Leaving pictures aside, set down each line exactly, from the first line of the data to the line with "Автозапчастина FAST FT49418 (фото 1)", both included.

(PROVIDED DATA)
^^^^
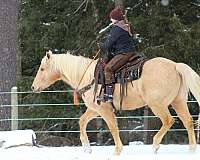 palomino-all-around-horse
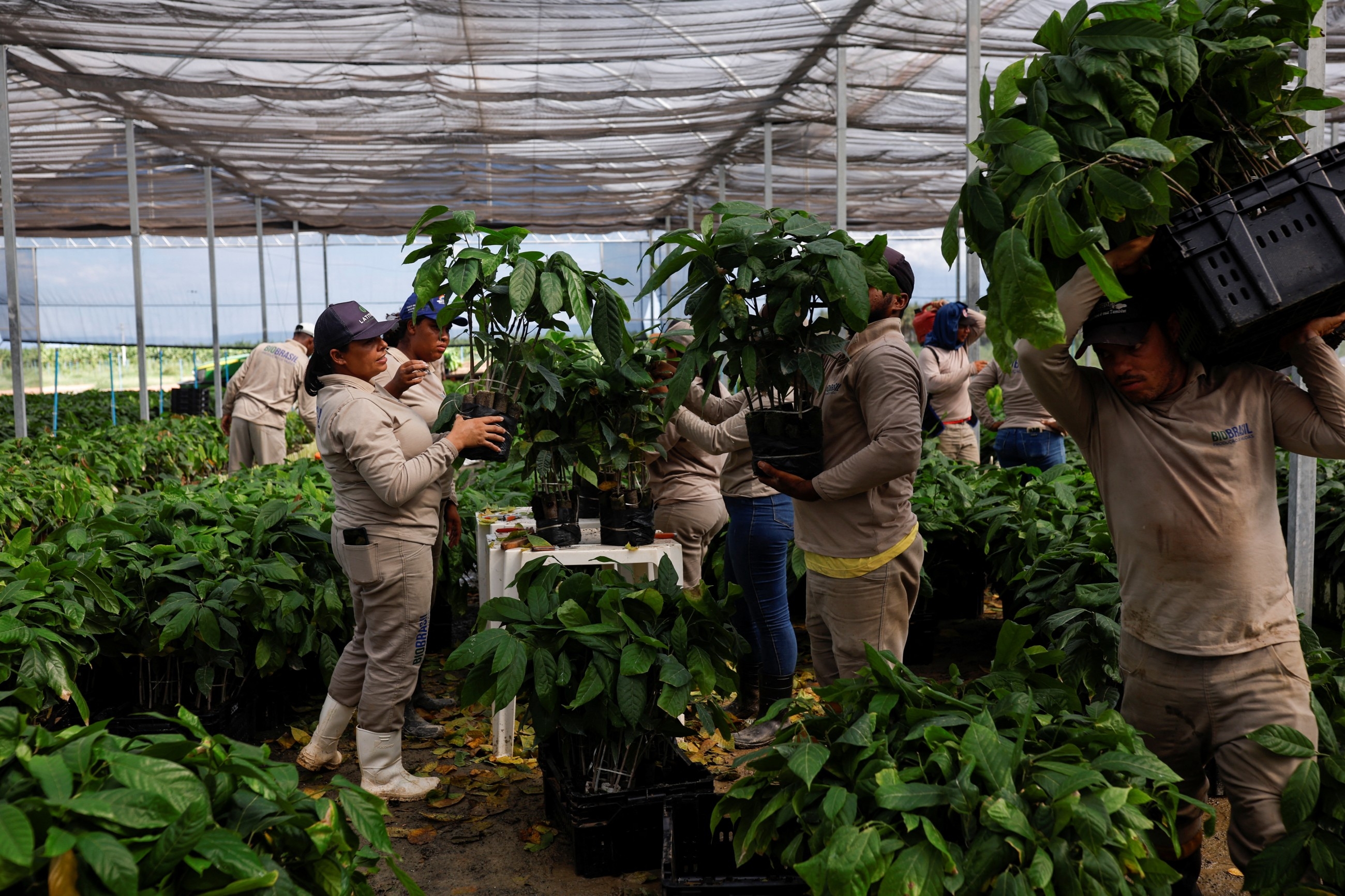 Brazil's would-be cocoa king aims to revolutionise industry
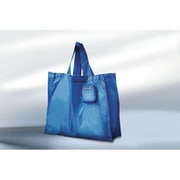 53 [ミニバッグ blue]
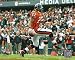 Matt Forte Autographed Photograph - Chicago Bears Signed 8X10 Picture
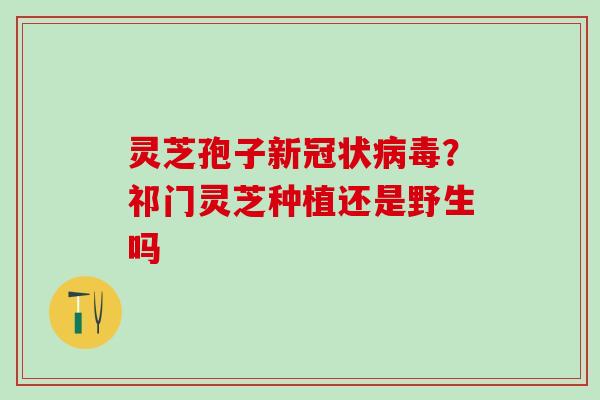 灵芝孢子新冠状病毒？祁门灵芝种植还是野生吗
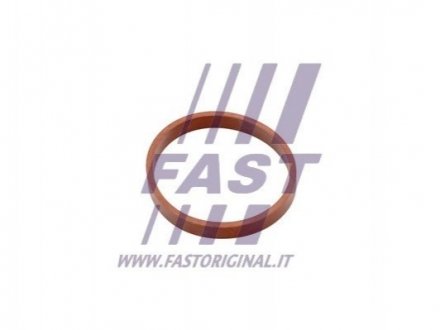 Автозапчастина FAST FT49418 (фото 1)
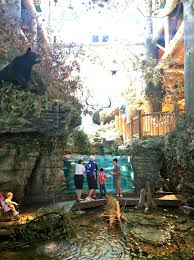 Johnny morris' wonders of wildlife national museum and aquarium has been voted america's best aquarium through a national public poll conducted by usa today. Bass Pro Shops Headquarters Downtown Springfield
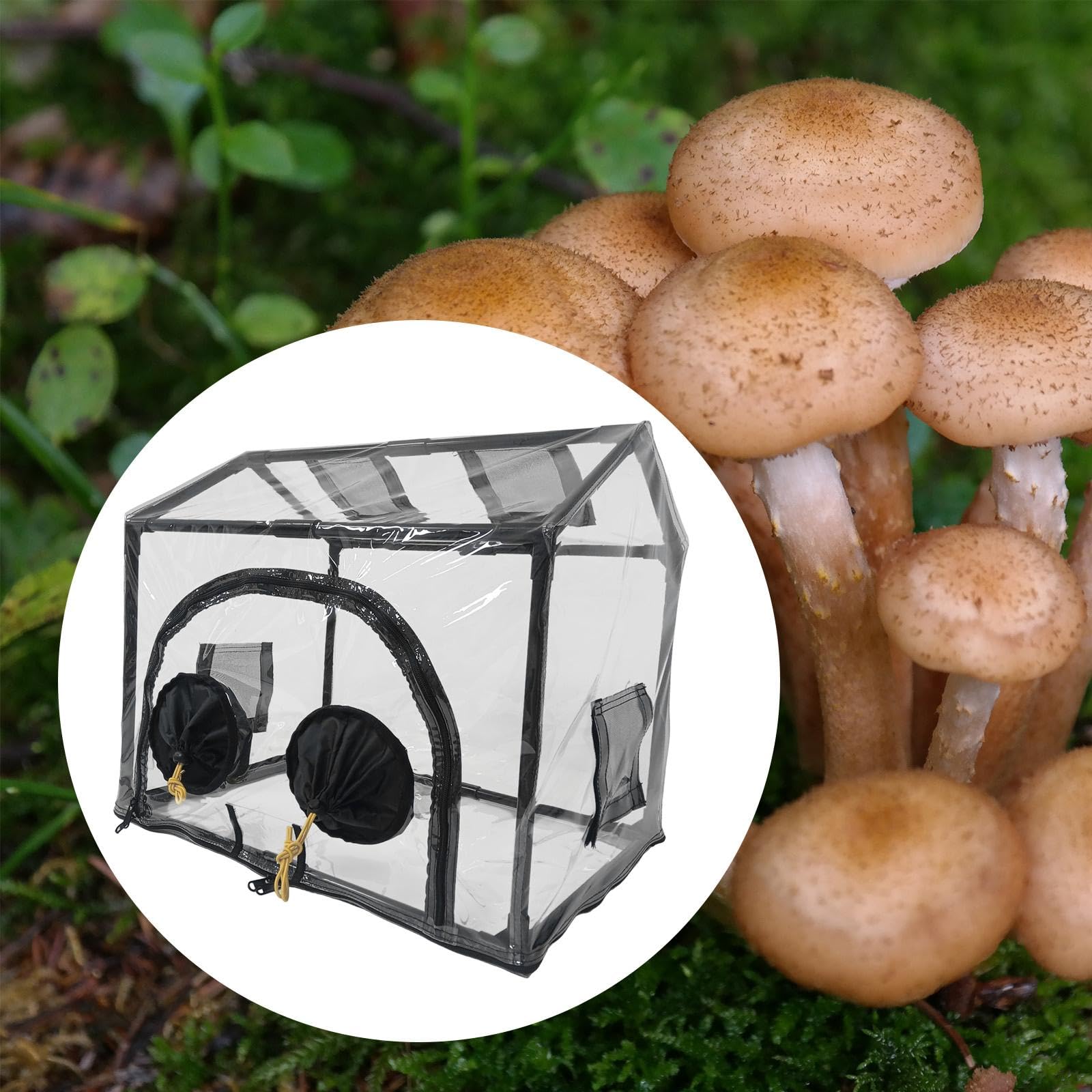 Pilzzuchtbeutel Pflanzcontainer Mini-gewächshaus Pilz Anzuchtsack Garten Pflanzbeutel mit Stabilem PVC Material für Balkon Terrasse Innengarten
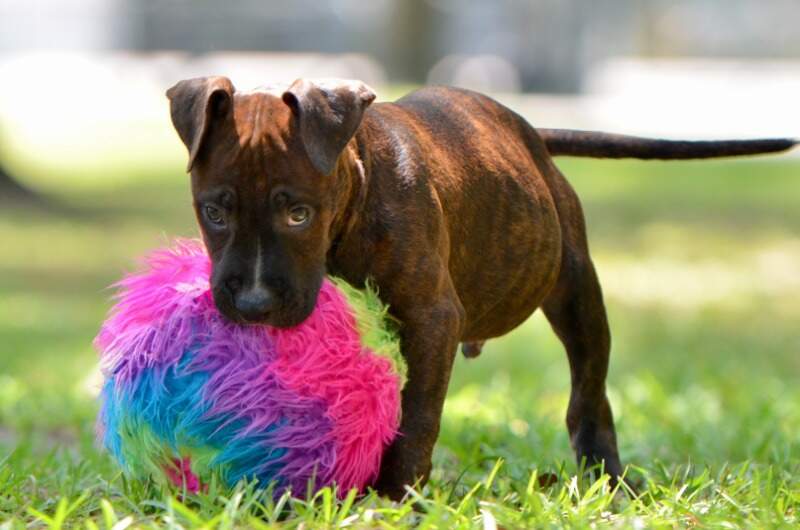 9 weeks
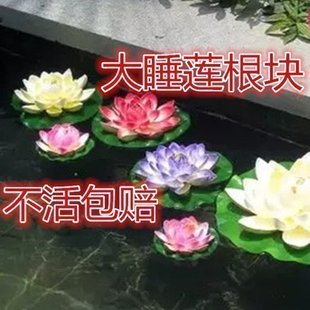 水培植物 水生根 24个品种选择大根块 大睡莲根块 包成活满 包邮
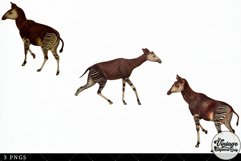 Okapi Vintage Animal illustration Clip Art, Clipart Product Image 3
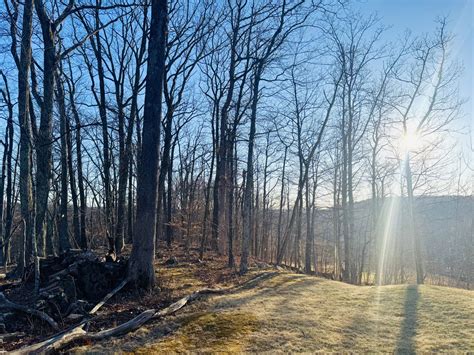 How to understand local weather çº½çº¦ trends this year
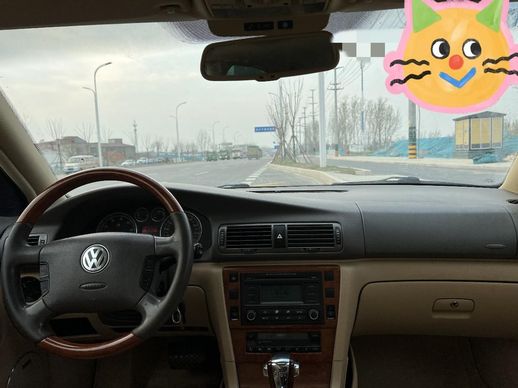 帕萨特领域_桑塔纳志俊自动挡很少见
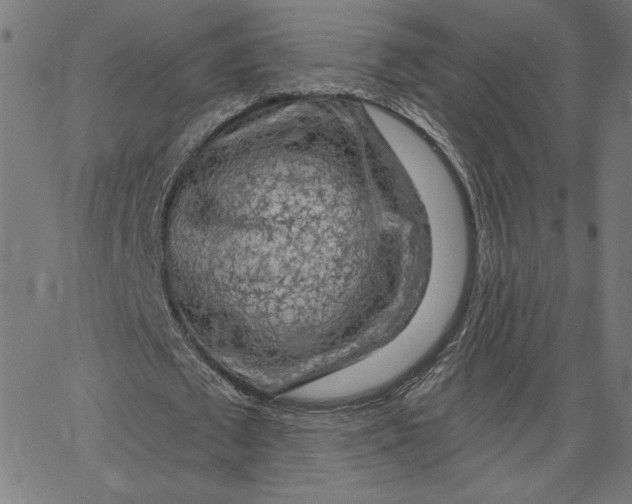 X0000065230673200603101555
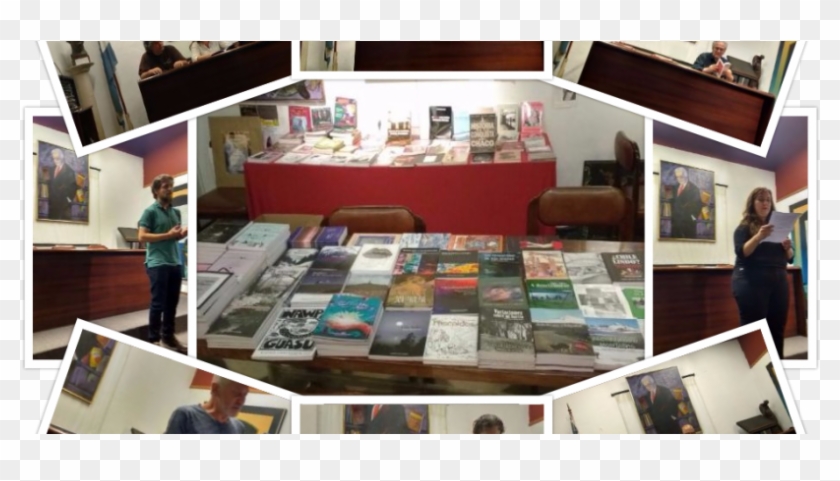 Maravillosa Noche De Ediciones De La Grieta - Collection Clipart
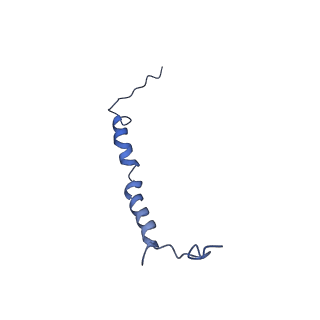 34373_8gym_2n_v1-0
Cryo-EM structure of Tetrahymena thermophila respiratory mega-complex MC IV2+(I+III2+II)2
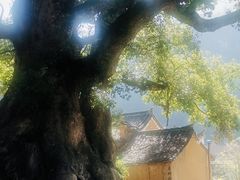 -杨家堂村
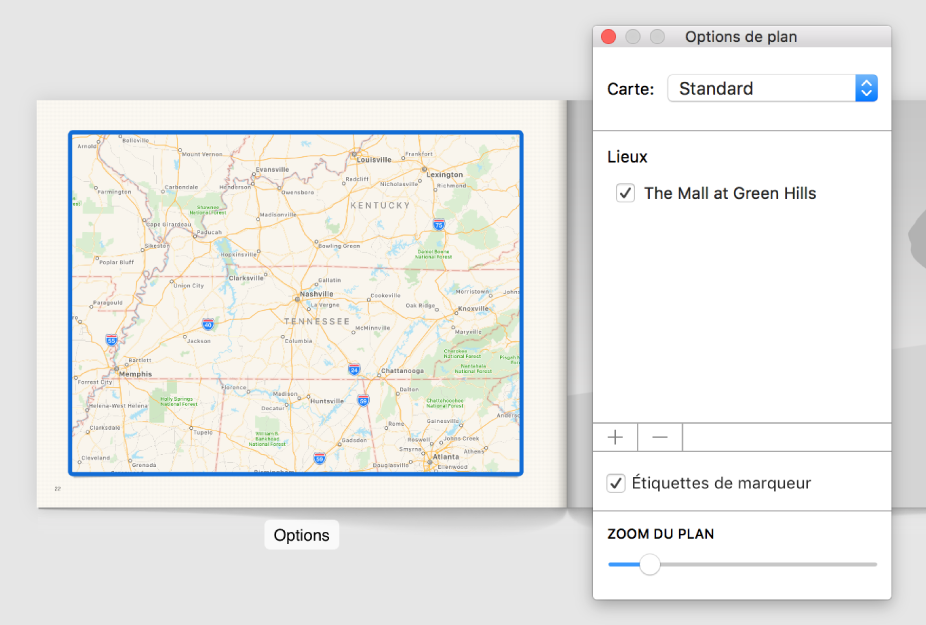 Plan dans un livre avec le bouton Options en dessous et la fenêtre des options de plan ouverte sur sa droite.
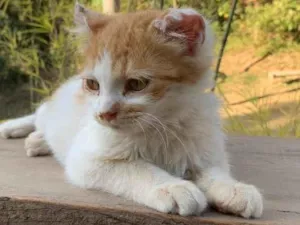 Gato raça Gato idade 2 a 6 meses nome Will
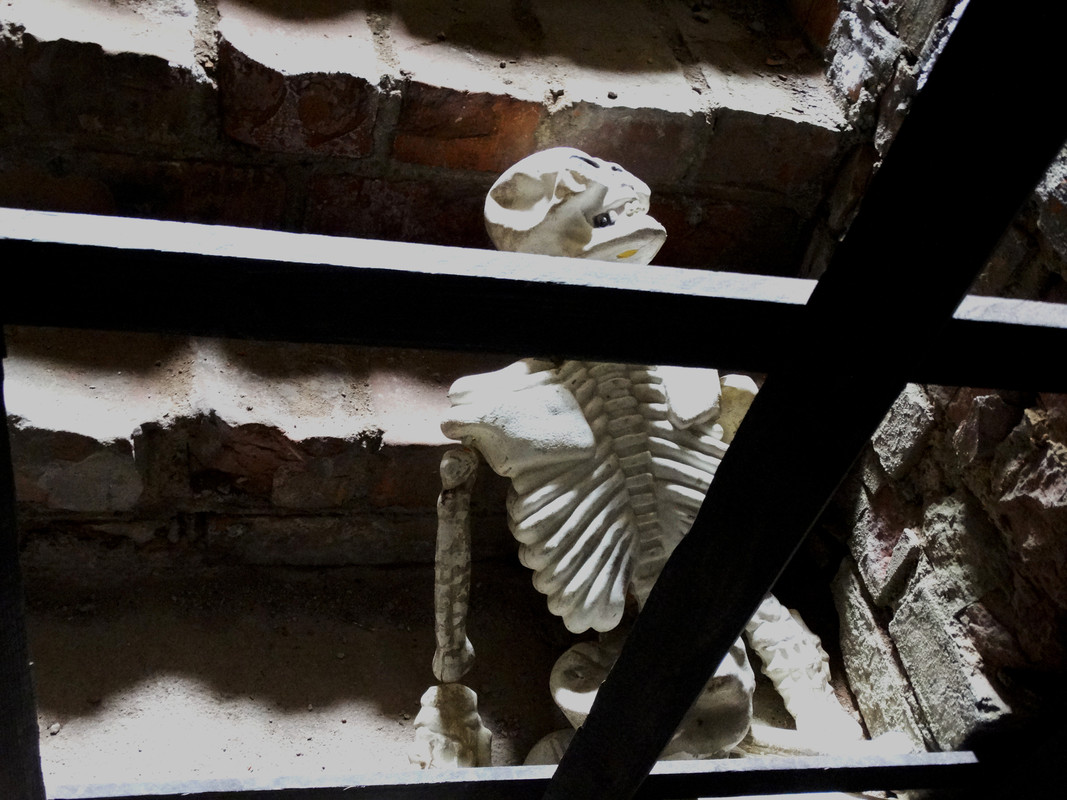 02.29 - DSC06501 (Czesio1)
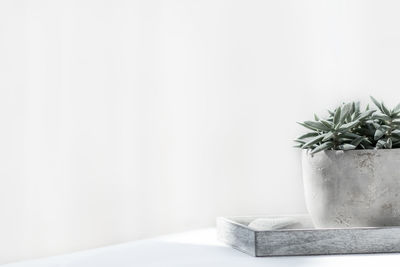 Potted plant on table against white background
^^^^
(REPLY)
 palomino-all-around-horse
 Brazil's would-be cocoa king aims to revolutionise industry
 53 [ミニバッグ blue]
 Matt Forte Autographed Photograph - Chicago Bears Signed 8X10 Picture
 灵芝孢子新冠状病毒？祁门灵芝种植还是野生吗
 Автозапчастина FAST FT49418 (фото 1)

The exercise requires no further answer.